‘I had to plunge the knife into the canvas’: Edita Schubert wielded her scalpel like painters use a brush.
The life of Edita Schubert was one of two distinct halves. Throughout a career lasting over thirty years, the esteemed Croatian creator was employed by the Anatomy Institute at the University of Zagreb’s medical faculty, precisely illustrating human anatomical specimens for medical reference books. In her private atelier, she created work that defied simple classification – frequently employing the identical instruments.
“Her work involved crafting these meticulous, technical diagrams which were used in surgical handbooks,” says a curator of a new retrospective of the artist's oeuvre. “She was deeply immersed in that work … She showed no hesitation in the presence of dissections.” These detailed anatomical studies, comments a arts scholar, are still featured in manuals for anatomy students to this day in Croatia.The Bleeding of Two Worlds
A split career path was not rare for creatives in the former Yugoslavia, who often lacked a viable art market.

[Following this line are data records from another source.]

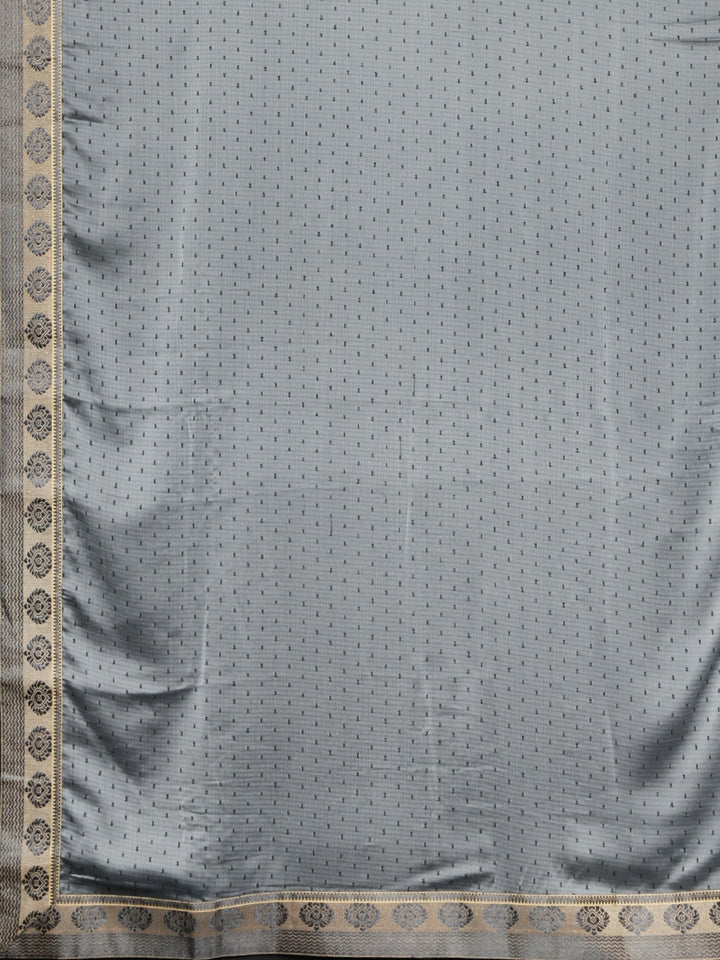 Neerus Grey Printed Saree With Blouse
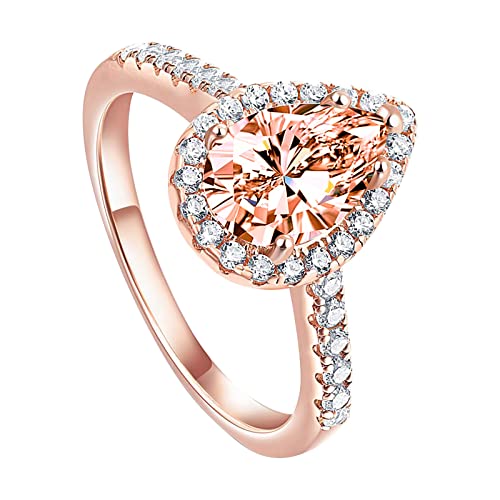 Verlobung Runde Schnitt Zirkone Frauen Eheringe Schmuck Ringe für Frau Voller Diamant Damen Ring Vintage Stil Damen Ringe, rose gold, 32 von Generic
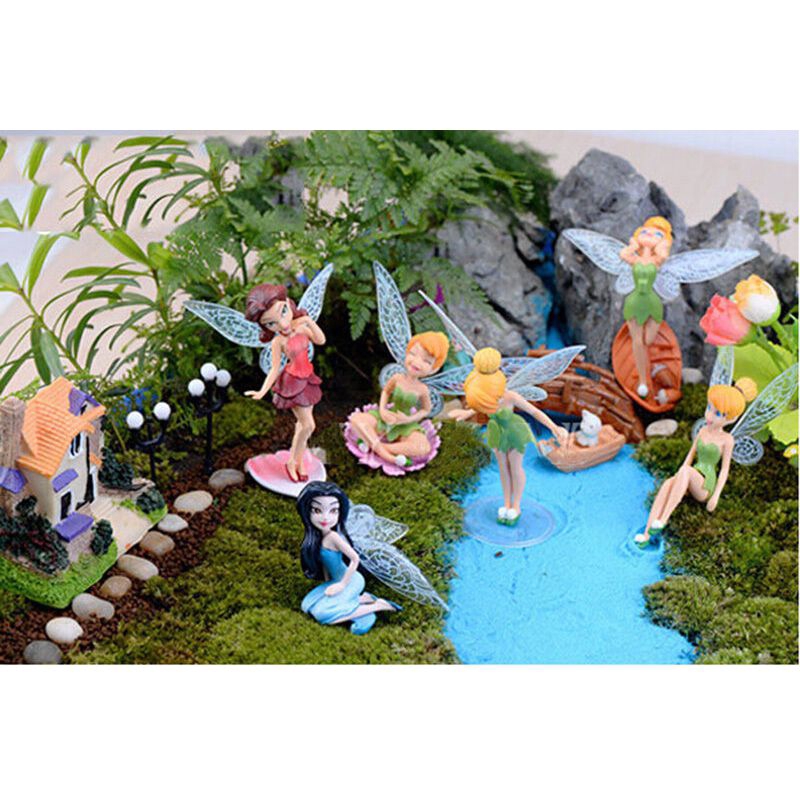 6pcs Flower Fairy Pixie Fly Wing Family Miniature Dollhouse Garden_Decor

But the way these two worlds bled into each other was. The medical knives for anatomical dissection were transformed into tools for cutting fabric. Adhesive tape intended for bandages held her perforated artworks together. Laboratory tubes commonly used for samples transformed into containers for her life story.
A Creative Urge
At the start of the seventies, Schubert was initially operating within conventional painting boundaries. She produced meticulous, hyperrealistic still lifes in acrylic and oil paints of confectionery and salt and sugar shakers. However, discontent had been growing since her academy years. While studying at the fine arts academy in Zagreb, the curriculum mandated life drawing. “I had to plunge the knife into the canvas, it genuinely irritated me, that stretched surface I was forced to communicate upon,” she once explained to a scholar, one of the few people she ever granted an interview. “I thrust the blade into the painting in place of a brush.”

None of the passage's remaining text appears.